More recently, under this government, we have seen the trend towards the use of ICT continue, and the projects have become more elaborate, more expensive and more complex. As expected, as you evolve through an ICT framework, the returns on those projects have also diminished. The early, simple projects were easy and had big returns. The projects have since become more complex, and the returns have proportionally diminished.
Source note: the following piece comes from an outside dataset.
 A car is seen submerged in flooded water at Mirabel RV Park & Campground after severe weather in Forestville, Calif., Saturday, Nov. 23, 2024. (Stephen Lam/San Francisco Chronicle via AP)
Notwithstanding that, over that period of time we have also seen Victoria slip behind as a state jurisdiction delivering ICT projects. Through the 1990s Victoria was without doubt the leading jurisdiction in Australia among the states and the commonwealth in the use of ICT for service delivery to its constituency base and the use of ICT among government agencies. Victoria has now lost that leading position to other states and territories that have leapt ahead as Victoria has undertaken a number of significant ICT projects that have failed to deliver on their promises, both in terms of cost outcomes and the time frame in which they were to have been delivered.

The first element of this motion relates to the numerous projects which have not been delivered in accordance with the plans that were put in place for them. I would like to start by running through a few of those projects.

At a number of my colleagues on this side of the house intend to speak at some length on particular projects in their portfolio areas, so I will not dwell on them in any great detail.


......


Electronic Conveyancing


It has been a similar scenario with the electronic conveyancing system, the subject of some comment in this place. I understand the Leader of the Opposition will make some more detailed comments on this later in the debate. The project was announced in 2004 by the then Minister for Planning, Mary Delahunty, who stated in her announcement in March 2004 that:

Land Victoria estimates that if the 400 000 conveyancing transactions that are conducted manually each year are conducted online, the savings in time and paper will amount to more than $100 million a year.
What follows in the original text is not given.